A PERUSAL THROUGH the media criticism archives indicates that the practice of writers speaking for money was probably invented shortly after writing itself. “The phenomenon of journalists giving speeches for staggering sums of money continues to dog the profession,” Alicia Shepard, now NPR’s ombudsman, wrote in the American Journalism Review in 1995, when the top fees were around $35,000. “Welcome to the era of the buckraker,” Jacob Weisberg wrote in The New Republicin 1986, coining the term; fees at the time could hit $25,000. Just 21 then, Mr. Weisberg knew a devilish way to tweak power when he saw one, and according to TNR legend, he installed a bell at his cubicle, taped to a photo of notorious yakker Robert Novak, that he would ring whenever a senior staffer snuck out to the podium.

These days, event organizers know to clam up when media reporters come calling about honoraria, as The Observer did this week. But numbers inevitably leak out. New York found Malcolm Gladwell netting $80,000 from a dental suppliers group in 2008, and the next year, Thomas Friedman was busted by the San Francisco Chronicle for taking $75,000 from a government agency, in violation of Times rules. “We have all become lax in complying with the parts of the ethics guidelines that require annual accounting of income from speaking engagements,” executive editor Bill Keller wrote the staff in a May 2009 memo that Gawker published. “The rules are vague and need a fresh look,” ombudsman Clark Hoyt frowned in the paper that month. (The policies have not been updated since, a Times spokesperson said.)

The lucrative lecture circuit may be the one thing that Mr. Friedman and his longtime antagonist Matt Taibbi have in common. In many thousands of bilious words over the years, Mr. Taibbi has savaged the Times columnist’s metaphors, ridiculed his worldview, insulted his mustache and worse. But when the $75,000 mistake happened, and readers inundated Mr. Taibbi with links to the news, eager for a fresh beat-down, he gave his favorite punching bag a pass. He didn’t say why.

But the clearest sign of just how unobjectionable the new speaking-fee era is may be this: Last week, the Lavin Agency says, it signed Mr. Taibbi as a client.

THE MONEY IS good. But the speaking circuit is not a glamorous world. “You end up getting existentially sad, where you look through your wallet and you realize you’ve got like seven hotel keys,” Mr. Lehrer said. “It happened last week in San Francisco, where I was convinced this key wasn’t working. I went down to the front desk, and they pointed out that I was using the wrong key. It was from a month ago.”
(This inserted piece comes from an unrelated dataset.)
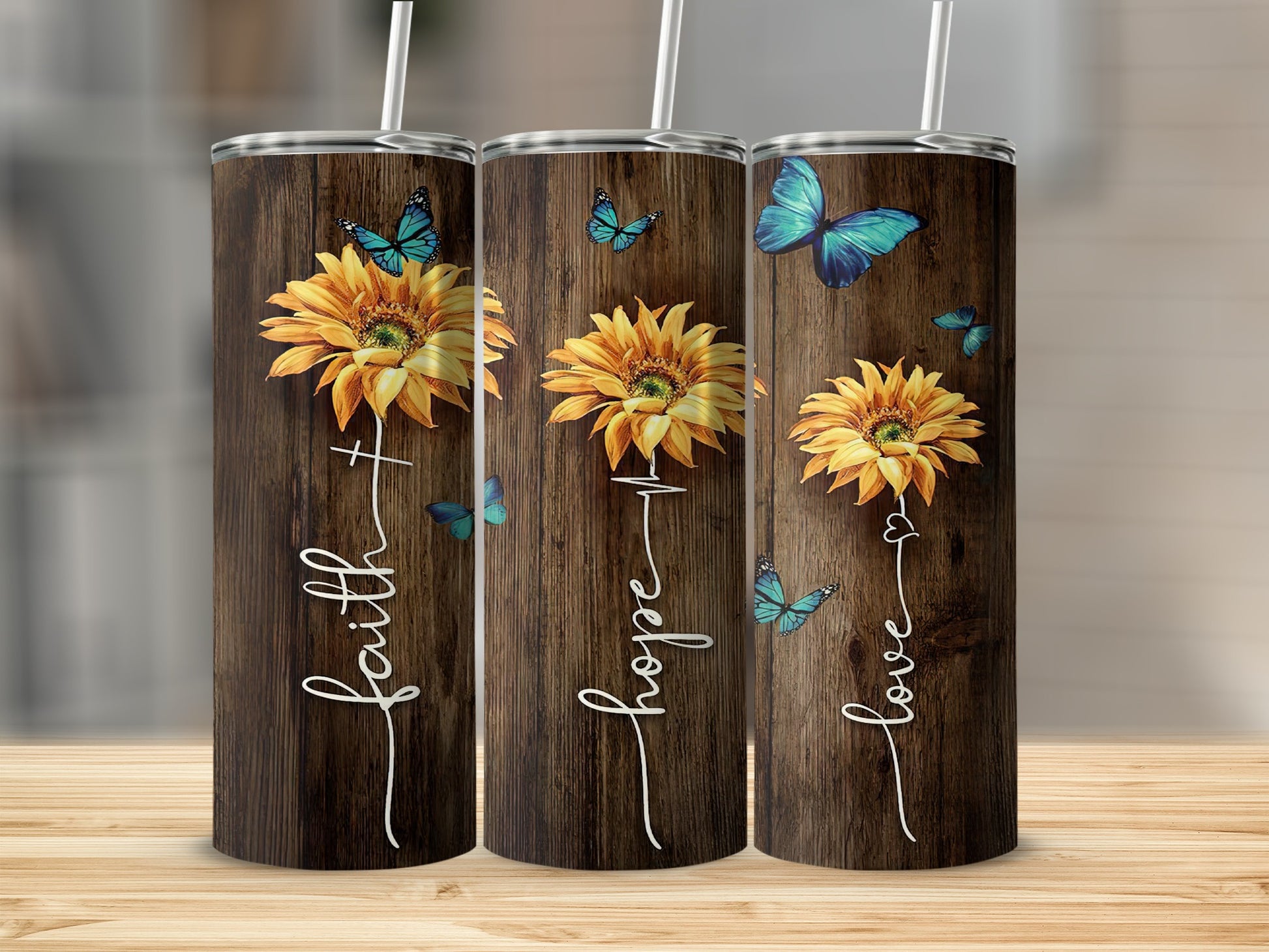 Sunflower Butterfly Faith Hope Love Tumblers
The way Mr. Lehrer tells it, joining the circuit just … happened. When his first book came out, in 2007, he didn’t even have representation; corporations simply sought him out themselves. Subsequent books and regular contributions to Wired, The New Yorker and other publications have kept his bio fresh.
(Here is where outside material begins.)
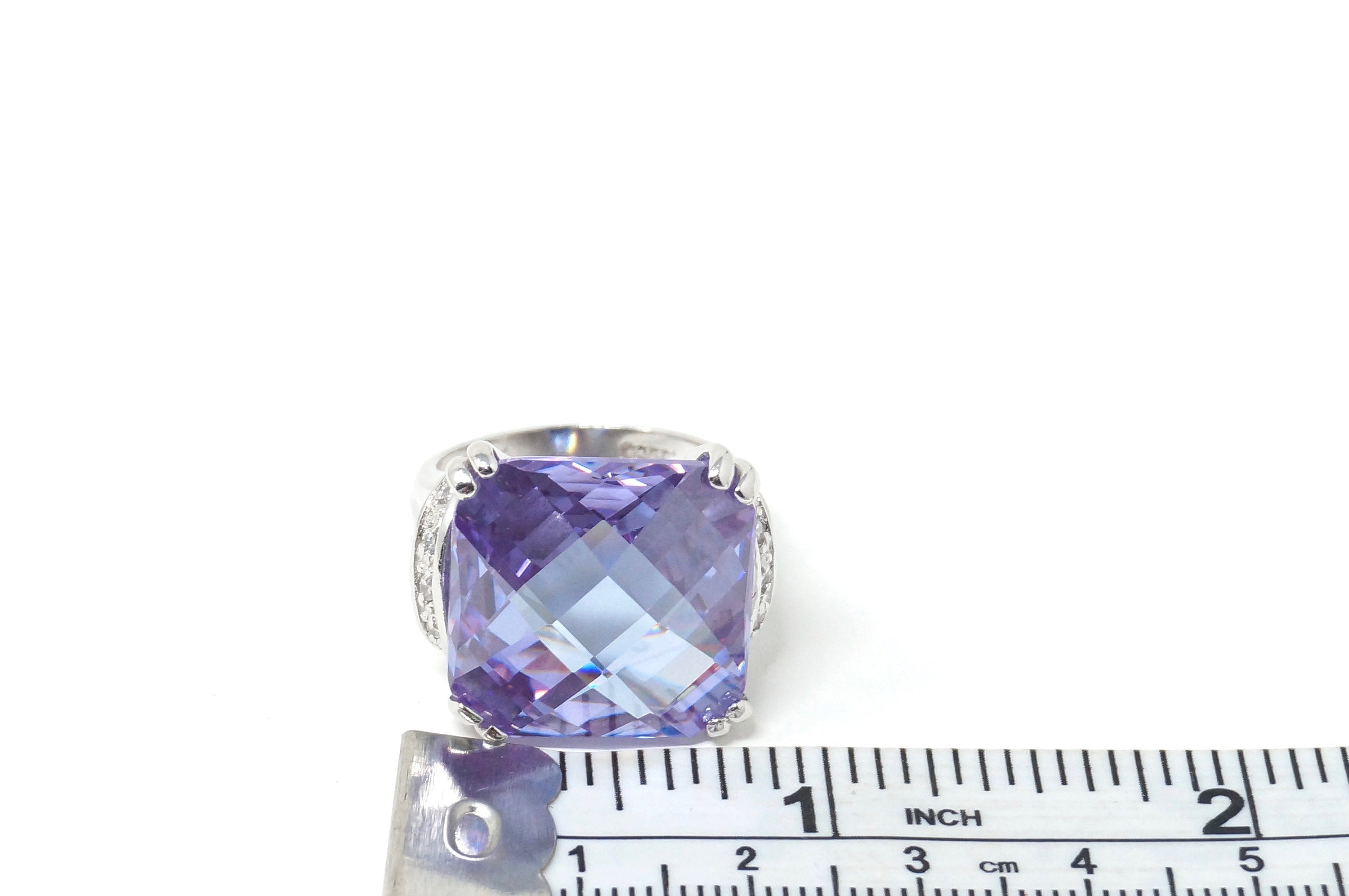 Vintage Designer FAS Large Amethyst CZ Statement Sterling Silver Ring Size 7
“To be totally crass about it, I think I got into this for the revenue side, but I’ve been surprised in the last year by the other perks,” he told The Observer. He can see clear improvement in his writing as he tests out loud what elements of a given story work and learns how to build tension, withhold key information, deliver a punch line. His latest book is stuffed with characters he never would have met if not for his travels. The act of taking gobs of money, though, still feels strange.

“The stage fright, that’s something I’ve acclimated to,” Mr. Lehrer said. “But I’ve never really gotten over the sense of fraudulence that comes with being onstage and, you know, dispensing knowledge and wisdom. That’s where I think the feelings of insecurity and self-loathing come in.” He corrected himself. “‘Self-loathing’ is too strong a word. But certainly, it’s a strange business. And the enjoyment that comes from all the perks of it–the getting better at storytelling, the revenue, the meeting new people–that’s on the ledger against the fact that …” He made a digression about airport logistics and eating too many Egg McMuffins, and apologized.

“For me,” Mr. Lehrer continued, “the toughest part of public speaking is kind of psyching myself up onstage beforehand, to be like, ‘Who am I to do this? What could I possibly offer you that will make it worth the price you’re paying me to go up here?’”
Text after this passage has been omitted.